* ACTION ITEM
Quote from the first line below through the line that contains "Depression 20s 30s", both included, and leave the pictures out.

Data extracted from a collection
☆ ☆ ☆ ☆ ☆ ☆ ☆
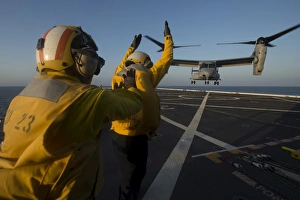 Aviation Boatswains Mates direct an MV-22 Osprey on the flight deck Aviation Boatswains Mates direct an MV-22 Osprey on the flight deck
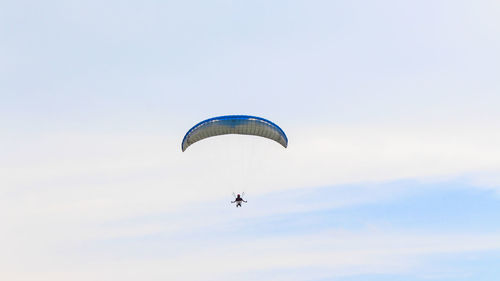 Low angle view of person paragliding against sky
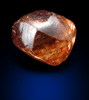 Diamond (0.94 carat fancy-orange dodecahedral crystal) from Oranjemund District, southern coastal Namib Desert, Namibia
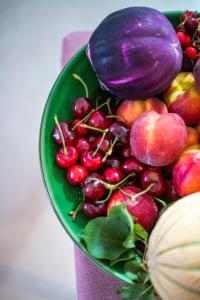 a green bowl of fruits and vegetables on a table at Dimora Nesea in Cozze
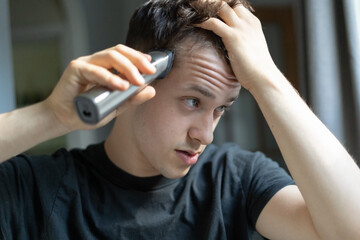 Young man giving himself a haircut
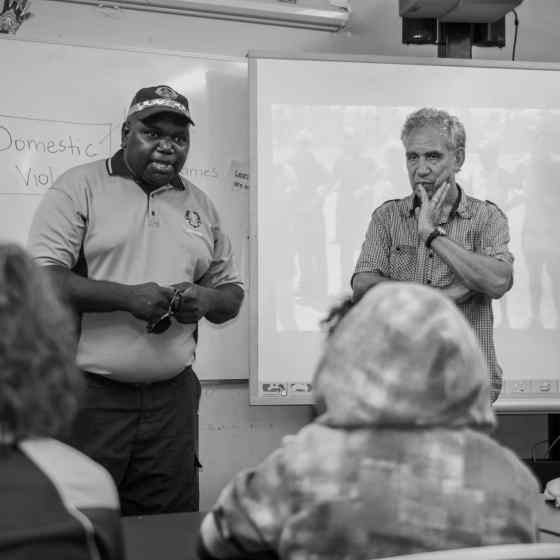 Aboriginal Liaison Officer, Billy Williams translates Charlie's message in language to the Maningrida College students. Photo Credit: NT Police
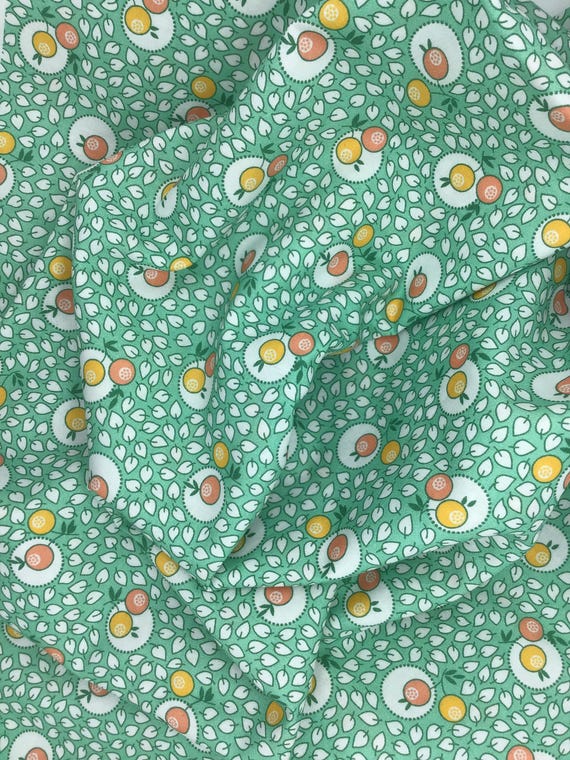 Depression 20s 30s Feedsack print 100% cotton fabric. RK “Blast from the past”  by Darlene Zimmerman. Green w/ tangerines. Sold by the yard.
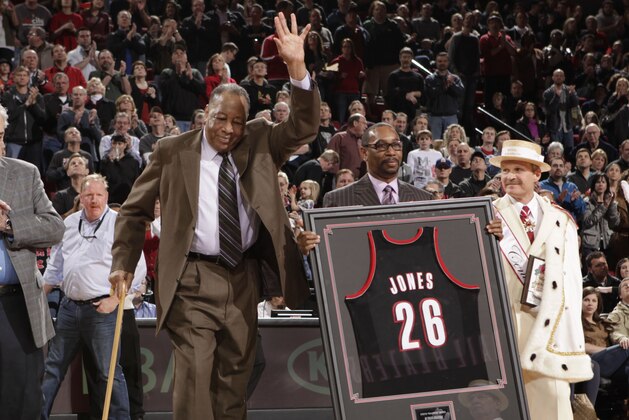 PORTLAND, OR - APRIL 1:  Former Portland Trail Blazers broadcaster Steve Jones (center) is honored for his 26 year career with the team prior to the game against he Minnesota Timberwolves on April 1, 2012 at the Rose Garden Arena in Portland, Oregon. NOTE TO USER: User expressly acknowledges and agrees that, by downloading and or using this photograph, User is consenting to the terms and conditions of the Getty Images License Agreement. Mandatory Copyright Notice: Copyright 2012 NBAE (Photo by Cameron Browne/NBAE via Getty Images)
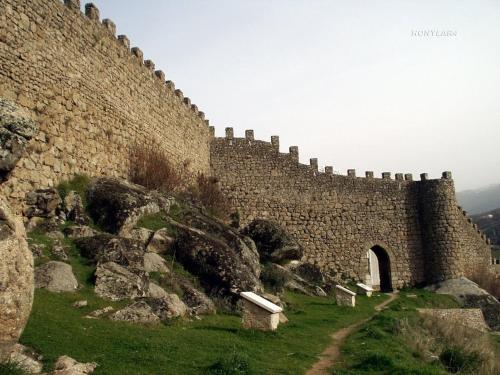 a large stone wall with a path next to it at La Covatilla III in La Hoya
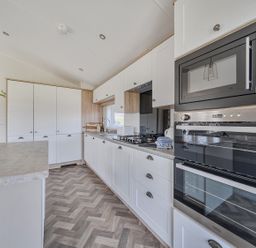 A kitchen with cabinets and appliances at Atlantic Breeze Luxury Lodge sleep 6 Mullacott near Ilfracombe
☆ ☆ ☆ ☆ ☆ ☆ ☆
* OUTPUT OF THE TASK
 Aviation Boatswains Mates direct an MV-22 Osprey on the flight deck Aviation Boatswains Mates direct an MV-22 Osprey on the flight deck
 Low angle view of person paragliding against sky
 Diamond (0.94 carat fancy-orange dodecahedral crystal) from Oranjemund District, southern coastal Namib Desert, Namibia
 a green bowl of fruits and vegetables on a table at Dimora Nesea in Cozze
 Young man giving himself a haircut
 Aboriginal Liaison Officer, Billy Williams translates Charlie's message in language to the Maningrida College students. Photo Credit: NT Police
 Depression 20s 30s Feedsack print 100% cotton fabric. RK “Blast from the past”  by Darlene Zimmerman. Green w/ tangerines. Sold by the yard.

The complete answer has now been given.